==== The records

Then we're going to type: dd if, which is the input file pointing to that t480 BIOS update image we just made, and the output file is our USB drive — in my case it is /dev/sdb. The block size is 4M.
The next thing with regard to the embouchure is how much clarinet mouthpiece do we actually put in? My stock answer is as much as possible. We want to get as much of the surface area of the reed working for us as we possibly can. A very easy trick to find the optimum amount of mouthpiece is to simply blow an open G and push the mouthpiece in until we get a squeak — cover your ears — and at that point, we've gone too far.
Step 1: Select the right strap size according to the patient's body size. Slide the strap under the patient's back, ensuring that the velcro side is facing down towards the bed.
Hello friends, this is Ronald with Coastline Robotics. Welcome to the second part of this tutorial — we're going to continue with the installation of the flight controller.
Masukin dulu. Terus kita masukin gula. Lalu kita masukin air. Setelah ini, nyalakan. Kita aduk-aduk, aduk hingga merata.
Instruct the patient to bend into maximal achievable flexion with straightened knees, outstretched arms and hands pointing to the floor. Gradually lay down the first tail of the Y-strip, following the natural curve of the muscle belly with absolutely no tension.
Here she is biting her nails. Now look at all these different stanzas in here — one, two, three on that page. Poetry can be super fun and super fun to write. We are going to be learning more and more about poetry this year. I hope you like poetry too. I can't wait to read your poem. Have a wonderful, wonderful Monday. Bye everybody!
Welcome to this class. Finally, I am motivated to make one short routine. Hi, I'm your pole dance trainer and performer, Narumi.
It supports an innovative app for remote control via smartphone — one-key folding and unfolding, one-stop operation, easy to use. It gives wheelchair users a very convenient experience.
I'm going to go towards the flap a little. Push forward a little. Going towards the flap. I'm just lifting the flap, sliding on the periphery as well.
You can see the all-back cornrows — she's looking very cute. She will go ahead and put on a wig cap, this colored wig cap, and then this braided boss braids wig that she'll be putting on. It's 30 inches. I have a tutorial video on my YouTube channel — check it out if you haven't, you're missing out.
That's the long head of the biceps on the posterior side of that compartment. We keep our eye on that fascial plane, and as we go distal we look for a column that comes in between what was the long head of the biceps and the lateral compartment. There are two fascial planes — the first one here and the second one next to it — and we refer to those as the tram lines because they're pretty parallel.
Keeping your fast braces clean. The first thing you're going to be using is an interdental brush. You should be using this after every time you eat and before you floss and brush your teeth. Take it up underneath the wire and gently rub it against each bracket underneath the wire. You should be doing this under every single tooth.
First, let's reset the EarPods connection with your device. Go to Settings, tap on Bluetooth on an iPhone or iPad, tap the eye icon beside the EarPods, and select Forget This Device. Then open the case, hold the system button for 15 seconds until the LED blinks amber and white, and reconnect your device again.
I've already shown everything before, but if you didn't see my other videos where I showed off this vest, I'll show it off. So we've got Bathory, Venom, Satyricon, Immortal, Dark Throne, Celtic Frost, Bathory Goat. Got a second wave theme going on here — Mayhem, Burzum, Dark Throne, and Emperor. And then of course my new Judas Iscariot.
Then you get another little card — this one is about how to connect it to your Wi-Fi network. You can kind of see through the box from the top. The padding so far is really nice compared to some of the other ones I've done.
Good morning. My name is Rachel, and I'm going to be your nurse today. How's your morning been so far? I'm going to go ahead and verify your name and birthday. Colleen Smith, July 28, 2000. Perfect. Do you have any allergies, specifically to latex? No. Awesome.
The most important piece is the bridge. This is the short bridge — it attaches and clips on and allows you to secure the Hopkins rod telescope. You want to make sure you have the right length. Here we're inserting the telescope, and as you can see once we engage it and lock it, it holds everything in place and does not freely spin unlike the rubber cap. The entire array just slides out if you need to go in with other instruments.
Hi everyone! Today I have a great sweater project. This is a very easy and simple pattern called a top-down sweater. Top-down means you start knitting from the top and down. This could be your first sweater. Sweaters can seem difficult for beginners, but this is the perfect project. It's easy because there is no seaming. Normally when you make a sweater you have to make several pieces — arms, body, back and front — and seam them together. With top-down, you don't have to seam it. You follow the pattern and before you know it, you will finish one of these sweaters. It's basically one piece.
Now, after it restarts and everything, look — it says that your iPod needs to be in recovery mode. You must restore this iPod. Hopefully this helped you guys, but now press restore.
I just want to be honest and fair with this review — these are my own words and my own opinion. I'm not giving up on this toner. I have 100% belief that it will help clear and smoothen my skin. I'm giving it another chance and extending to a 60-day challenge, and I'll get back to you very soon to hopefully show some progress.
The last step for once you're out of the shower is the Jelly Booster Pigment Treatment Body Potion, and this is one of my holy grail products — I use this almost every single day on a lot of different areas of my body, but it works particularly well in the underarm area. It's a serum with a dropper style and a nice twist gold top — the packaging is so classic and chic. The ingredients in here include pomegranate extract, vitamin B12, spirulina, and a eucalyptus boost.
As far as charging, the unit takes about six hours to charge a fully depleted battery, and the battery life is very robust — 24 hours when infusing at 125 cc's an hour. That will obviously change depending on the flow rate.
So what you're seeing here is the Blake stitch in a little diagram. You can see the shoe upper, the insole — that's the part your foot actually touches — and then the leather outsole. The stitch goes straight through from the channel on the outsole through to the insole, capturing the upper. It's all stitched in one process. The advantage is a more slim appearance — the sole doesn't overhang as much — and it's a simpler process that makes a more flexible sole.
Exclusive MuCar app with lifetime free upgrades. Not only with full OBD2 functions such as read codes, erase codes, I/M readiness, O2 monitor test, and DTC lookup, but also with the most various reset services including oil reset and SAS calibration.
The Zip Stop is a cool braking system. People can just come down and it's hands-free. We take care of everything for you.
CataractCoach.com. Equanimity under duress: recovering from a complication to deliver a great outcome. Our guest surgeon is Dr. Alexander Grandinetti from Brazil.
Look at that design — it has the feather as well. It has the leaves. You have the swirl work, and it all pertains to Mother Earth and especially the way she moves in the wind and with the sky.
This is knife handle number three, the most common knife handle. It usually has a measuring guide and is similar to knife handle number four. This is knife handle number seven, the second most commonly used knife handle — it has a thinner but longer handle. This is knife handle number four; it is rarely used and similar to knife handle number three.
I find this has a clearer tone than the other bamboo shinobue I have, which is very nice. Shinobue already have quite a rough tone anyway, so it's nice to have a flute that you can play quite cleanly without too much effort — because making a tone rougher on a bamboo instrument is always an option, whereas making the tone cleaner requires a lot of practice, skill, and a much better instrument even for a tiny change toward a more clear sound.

========

## How to complete this task
Please transcribe the entries above exactly as written.

## Written response
Then we're going to type: dd if, which is the input file pointing to that t480 BIOS update image we just made, and the output file is our USB drive — in my case it is /dev/sdb. The block size is 4M.
The next thing with regard to the embouchure is how much clarinet mouthpiece do we actually put in? My stock answer is as much as possible. We want to get as much of the surface area of the reed working for us as we possibly can. A very easy trick to find the optimum amount of mouthpiece is to simply blow an open G and push the mouthpiece in until we get a squeak — cover your ears — and at that point, we've gone too far.
Step 1: Select the right strap size according to the patient's body size. Slide the strap under the patient's back, ensuring that the velcro side is facing down towards the bed.
Hello friends, this is Ronald with Coastline Robotics. Welcome to the second part of this tutorial — we're going to continue with the installation of the flight controller.
Masukin dulu. Terus kita masukin gula. Lalu kita masukin air. Setelah ini, nyalakan. Kita aduk-aduk, aduk hingga merata.
Instruct the patient to bend into maximal achievable flexion with straightened knees, outstretched arms and hands pointing to the floor. Gradually lay down the first tail of the Y-strip, following the natural curve of the muscle belly with absolutely no tension.
Here she is biting her nails. Now look at all these different stanzas in here — one, two, three on that page. Poetry can be super fun and super fun to write. We are going to be learning more and more about poetry this year. I hope you like poetry too. I can't wait to read your poem. Have a wonderful, wonderful Monday. Bye everybody!
Welcome to this class. Finally, I am motivated to make one short routine. Hi, I'm your pole dance trainer and performer, Narumi.
It supports an innovative app for remote control via smartphone — one-key folding and unfolding, one-stop operation, easy to use. It gives wheelchair users a very convenient experience.
I'm going to go towards the flap a little. Push forward a little. Going towards the flap. I'm just lifting the flap, sliding on the periphery as well.
You can see the all-back cornrows — she's looking very cute. She will go ahead and put on a wig cap, this colored wig cap, and then this braided boss braids wig that she'll be putting on. It's 30 inches. I have a tutorial video on my YouTube channel — check it out if you haven't, you're missing out.
That's the long head of the biceps on the posterior side of that compartment. We keep our eye on that fascial plane, and as we go distal we look for a column that comes in between what was the long head of the biceps and the lateral compartment. There are two fascial planes — the first one here and the second one next to it — and we refer to those as the tram lines because they're pretty parallel.
Keeping your fast braces clean. The first thing you're going to be using is an interdental brush. You should be using this after every time you eat and before you floss and brush your teeth. Take it up underneath the wire and gently rub it against each bracket underneath the wire. You should be doing this under every single tooth.
First, let's reset the EarPods connection with your device. Go to Settings, tap on Bluetooth on an iPhone or iPad, tap the eye icon beside the EarPods, and select Forget This Device. Then open the case, hold the system button for 15 seconds until the LED blinks amber and white, and reconnect your device again.
I've already shown everything before, but if you didn't see my other videos where I showed off this vest, I'll show it off. So we've got Bathory, Venom, Satyricon, Immortal, Dark Throne, Celtic Frost, Bathory Goat. Got a second wave theme going on here — Mayhem, Burzum, Dark Throne, and Emperor. And then of course my new Judas Iscariot.
Then you get another little card — this one is about how to connect it to your Wi-Fi network. You can kind of see through the box from the top. The padding so far is really nice compared to some of the other ones I've done.
Good morning. My name is Rachel, and I'm going to be your nurse today. How's your morning been so far? I'm going to go ahead and verify your name and birthday. Colleen Smith, July 28, 2000. Perfect. Do you have any allergies, specifically to latex? No. Awesome.
The most important piece is the bridge. This is the short bridge — it attaches and clips on and allows you to secure the Hopkins rod telescope. You want to make sure you have the right length. Here we're inserting the telescope, and as you can see once we engage it and lock it, it holds everything in place and does not freely spin unlike the rubber cap. The entire array just slides out if you need to go in with other instruments.
Hi everyone! Today I have a great sweater project. This is a very easy and simple pattern called a top-down sweater. Top-down means you start knitting from the top and down. This could be your first sweater. Sweaters can seem difficult for beginners, but this is the perfect project. It's easy because there is no seaming. Normally when you make a sweater you have to make several pieces — arms, body, back and front — and seam them together. With top-down, you don't have to seam it. You follow the pattern and before you know it, you will finish one of these sweaters. It's basically one piece.
Now, after it restarts and everything, look — it says that your iPod needs to be in recovery mode. You must restore this iPod. Hopefully this helped you guys, but now press restore.
I just want to be honest and fair with this review — these are my own words and my own opinion. I'm not giving up on this toner. I have 100% belief that it will help clear and smoothen my skin. I'm giving it another chance and extending to a 60-day challenge, and I'll get back to you very soon to hopefully show some progress.
The last step for once you're out of the shower is the Jelly Booster Pigment Treatment Body Potion, and this is one of my holy grail products — I use this almost every single day on a lot of different areas of my body, but it works particularly well in the underarm area. It's a serum with a dropper style and a nice twist gold top — the packaging is so classic and chic. The ingredients in here include pomegranate extract, vitamin B12, spirulina, and a eucalyptus boost.
As far as charging, the unit takes about six hours to charge a fully depleted battery, and the battery life is very robust — 24 hours when infusing at 125 cc's an hour. That will obviously change depending on the flow rate.
So what you're seeing here is the Blake stitch in a little diagram. You can see the shoe upper, the insole — that's the part your foot actually touches — and then the leather outsole. The stitch goes straight through from the channel on the outsole through to the insole, capturing the upper. It's all stitched in one process. The advantage is a more slim appearance — the sole doesn't overhang as much — and it's a simpler process that makes a more flexible sole.
Exclusive MuCar app with lifetime free upgrades. Not only with full OBD2 functions such as read codes, erase codes, I/M readiness, O2 monitor test, and DTC lookup, but also with the most various reset services including oil reset and SAS calibration.
The Zip Stop is a cool braking system. People can just come down and it's hands-free. We take care of everything for you.
CataractCoach.com. Equanimity under duress: recovering from a complication to deliver a great outcome. Our guest surgeon is Dr. Alexander Grandinetti from Brazil.
Look at that design — it has the feather as well. It has the leaves. You have the swirl work, and it all pertains to Mother Earth and especially the way she moves in the wind and with the sky.
This is knife handle number three, the most common knife handle. It usually has a measuring guide and is similar to knife handle number four. This is knife handle number seven, the second most commonly used knife handle — it has a thinner but longer handle. This is knife handle number four; it is rarely used and similar to knife handle number three.
I find this has a clearer tone than the other bamboo shinobue I have, which is very nice. Shinobue already have quite a rough tone anyway, so it's nice to have a flute that you can play quite cleanly without too much effort — because making a tone rougher on a bamboo instrument is always an option, whereas making the tone cleaner requires a lot of practice, skill, and a much better instrument even for a tiny change toward a more clear sound.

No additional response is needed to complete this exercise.